### [What needs to be done]
Leave the pictures aside and copy all the data exactly.

### [Dataset extract]
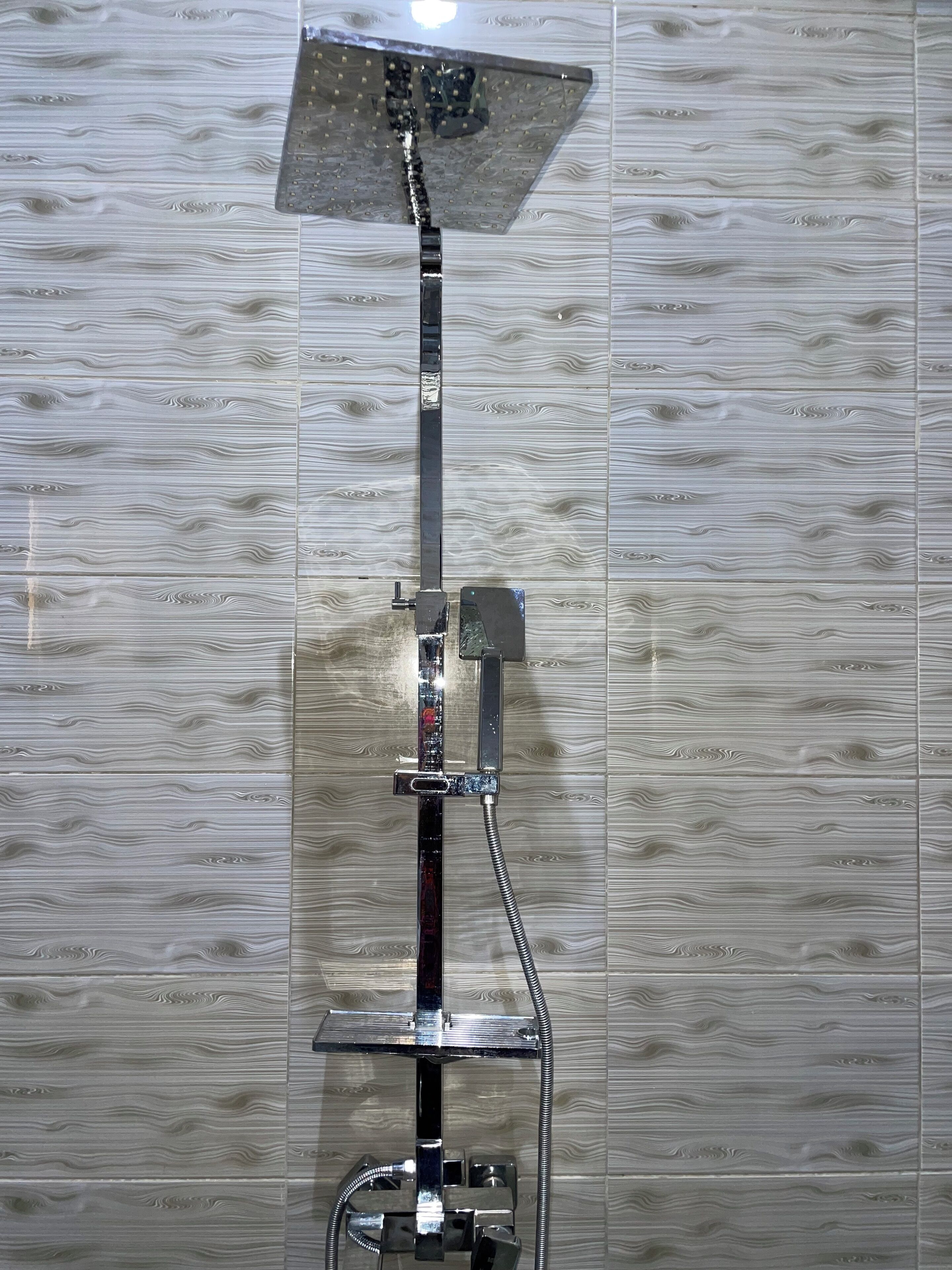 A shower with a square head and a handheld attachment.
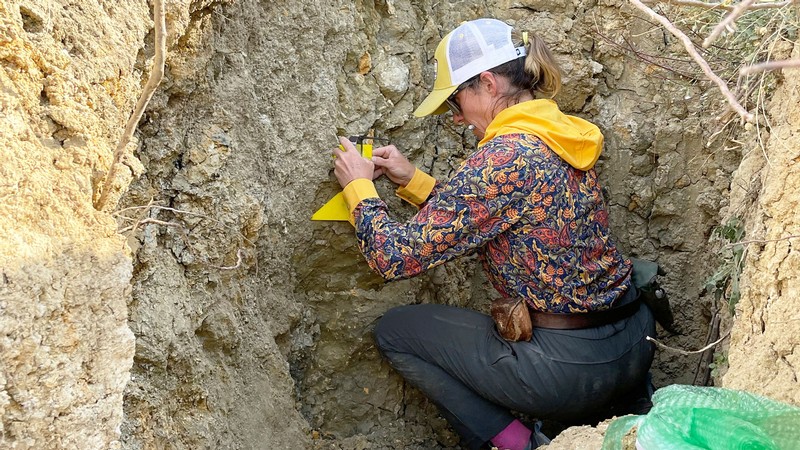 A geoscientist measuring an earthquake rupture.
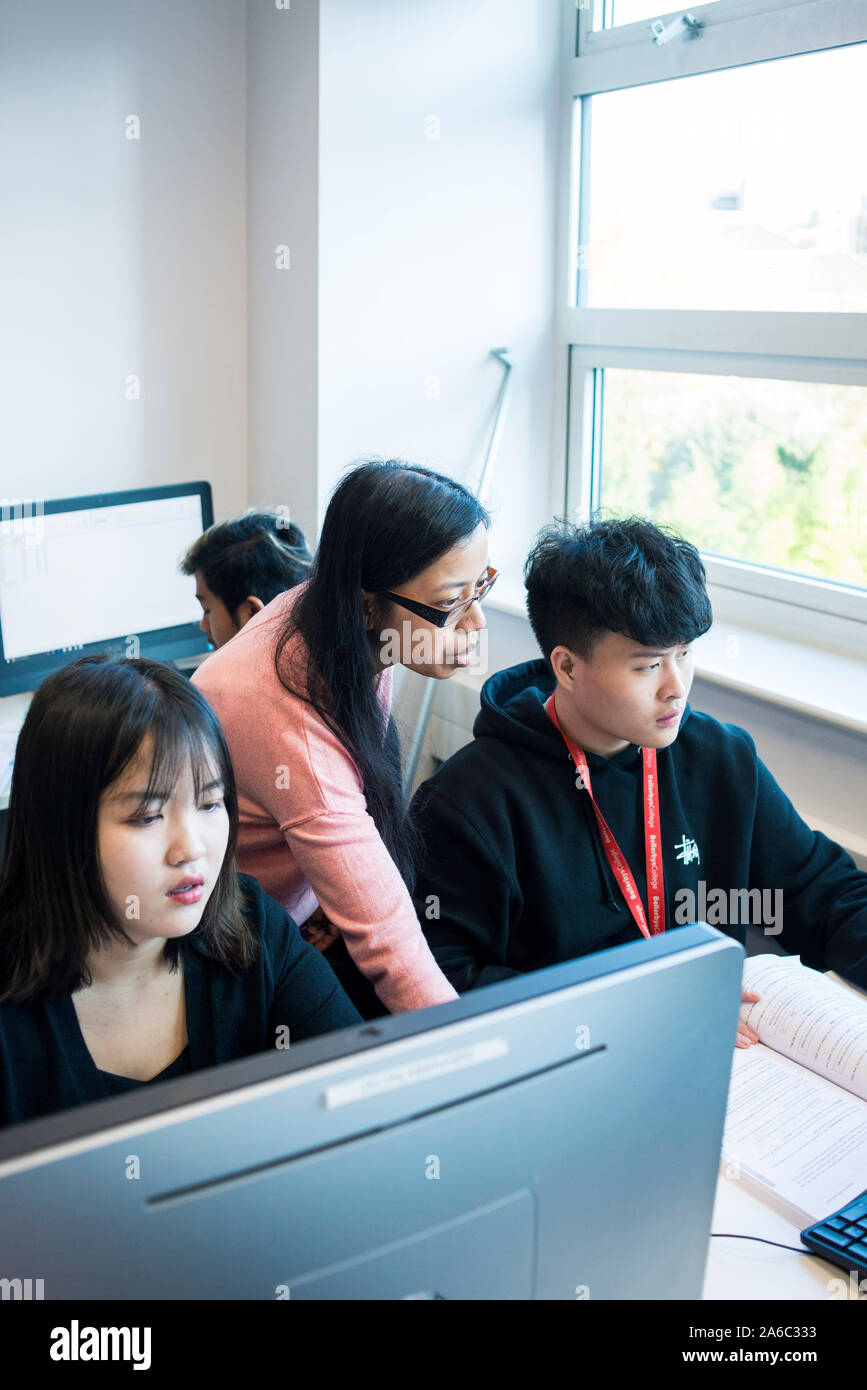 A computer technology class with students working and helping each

### [Solution to this exercise]
 A shower with a square head and a handheld attachment.
 A geoscientist measuring an earthquake rupture.
 A computer technology class with students working and helping each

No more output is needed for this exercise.